Volvo hat das Design des XC90 behutsam modernisiert, ohne das bewährte skandinavische Design zu gefährden. Die markante Frontpartie fällt sofort auf – vor allem durch die neu gestalteten Scheinwerfer, die nun in den Kühlergrill hineinragen. Ein weiterer Unterschied zu den Vorgängermodellen sind die vertikal statt horizontal angeordneten Lufteinlässe. Das ist mehr als ein Facelift, aber weniger als eine komplette Neugestaltung.
Volvo, bekannt für seine ebenso puristische wie geschmackvolle Innenraumgestaltung, bleibt im neuen XC90 dem skandinavischen Minimalismus treu. Die Verwendung von hochwertigen Materialien, die neue Struktur der Verkleidungen und des Armaturenbretts unterstreichen den Premiumanspruch. Auffällig ist der 11,2 Zoll große Infotainment-Bildschirm, der nicht nur eine bessere Grafik bietet, sondern spürbar schneller reagiert.
Das Platzangebot im Innenraum bleibt sowohl in der ersten als auch in der zweiten Reihe auf bekannt hohem Niveau. Die Rücksitze können um bis zu elf Zentimeter in der Länge verschoben werden – wichtig, um einen vertretbaren Zustieg in die dritte Reihe zu ermöglichen. Wirklich bequem sind jedoch weder Ein- noch Ausstieg und der Reisekomfort hält sich auch für kleinere Personen in Grenzen. Dann lieber weiter vorne Platz nehmen und Details wie Sitzklimatisierung und Massage genießen.
Der Volvo XC90 T8 PHEV kommt mit einer deutlich größeren Batterie als der Vorgänger, denn anstelle das bisherigen 9,2 kWh-Akkupaketes sorgt nun ein 18,8 kWh großes Modul für deutlich mehr elektrische Reichweite. Trotzdem sind gut 70 Kilometer an elektrischer Reichweite nicht viel und deutlich weniger als der Wettbewerb, der zum Teil über 100 Kilometer rein elektrisch zurücklegen kann. Der nach wie vor nur zwei Liter große Vierzylinder-Turbo mit 310 PS wird von einem 145 PS starken Elektromotor im Getriebetunnel unterstützt, was die Systemleistung auf 455 PS anhebt. Egal ob aus dem Stand oder ein Zwischenspurt – dynamisch ist er, der Allrad-Volvo, wenngleich im unverändert mindestens zwei Brennkammern für Image und Laufruhe fehlen. 180 km/h Vmax sind für ein Modell dieser Liga ebenfalls zu wenig des Guten.
Das Fahrwerk des XC90 lässt sich in zwei grundsätzliche Abstimmungen einstellen, wovon die weichere die stimmigere ist.
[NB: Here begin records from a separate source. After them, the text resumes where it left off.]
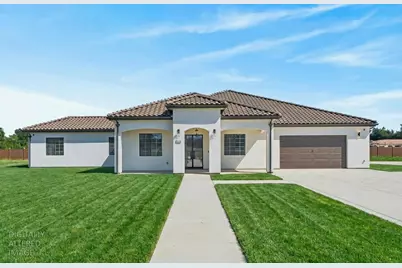 6273 E Vina Lane, Stockton, CA 95212 - Photo 59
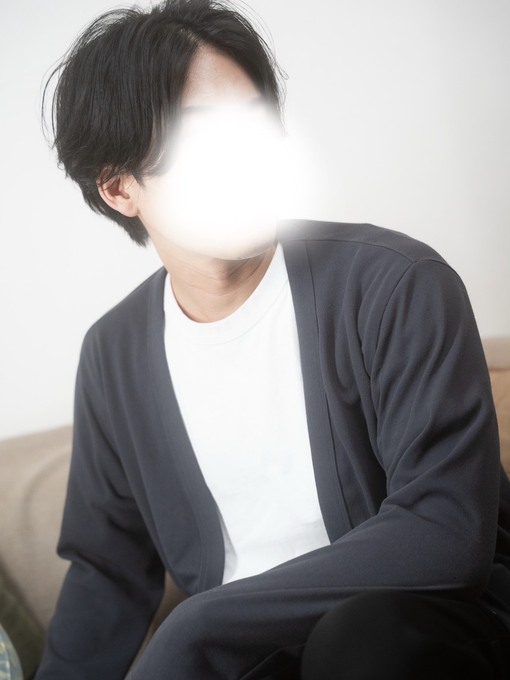 REN(ﾚﾝ)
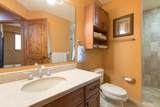 703 Las Palomas - Photo 8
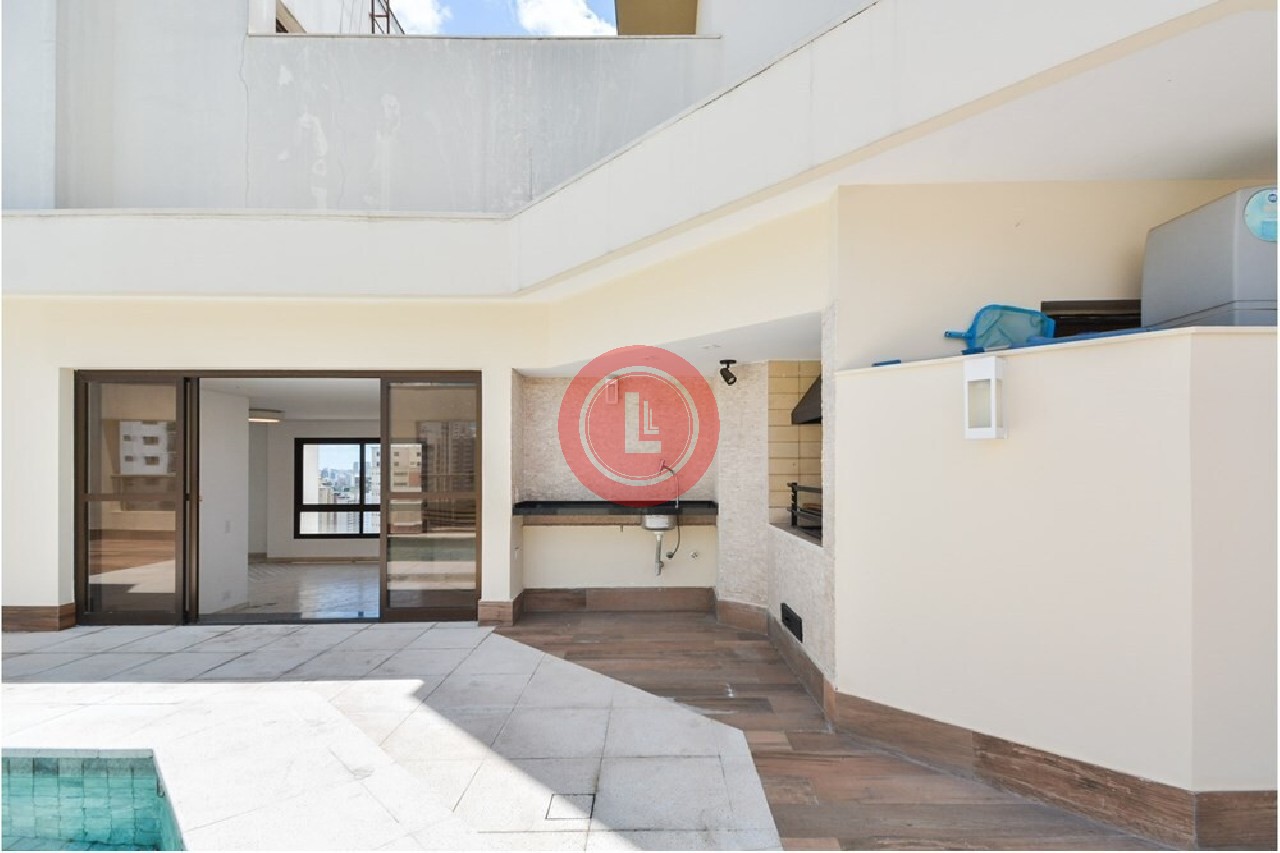 Cobertura, 3 quartos, 485 m² - Foto 96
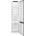 Smeg C8194TNE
Auf Wunsch ist der XC90 T8 mit einer Luftfederung ausgestattet, die sich in verschiedenen Höhen einstellen lässt – sehr praktisch, wenn man den XC90 für das Ein- und Aussteigen absenken möchte. Auch die Federung passt sich variabel an, wenn der Fahrer den Offroad-Modus ansteuert oder mit höherer Geschwindigkeit fährt. Die Bremse reagiert direkt und linear, was für ein Fahrzeug von fast 2,3 Tonnen Leergewicht nicht selbstverständlich ist. Zudem kann der Fahrer die Rekuperation in unterschiedlichen Stufen anpassen.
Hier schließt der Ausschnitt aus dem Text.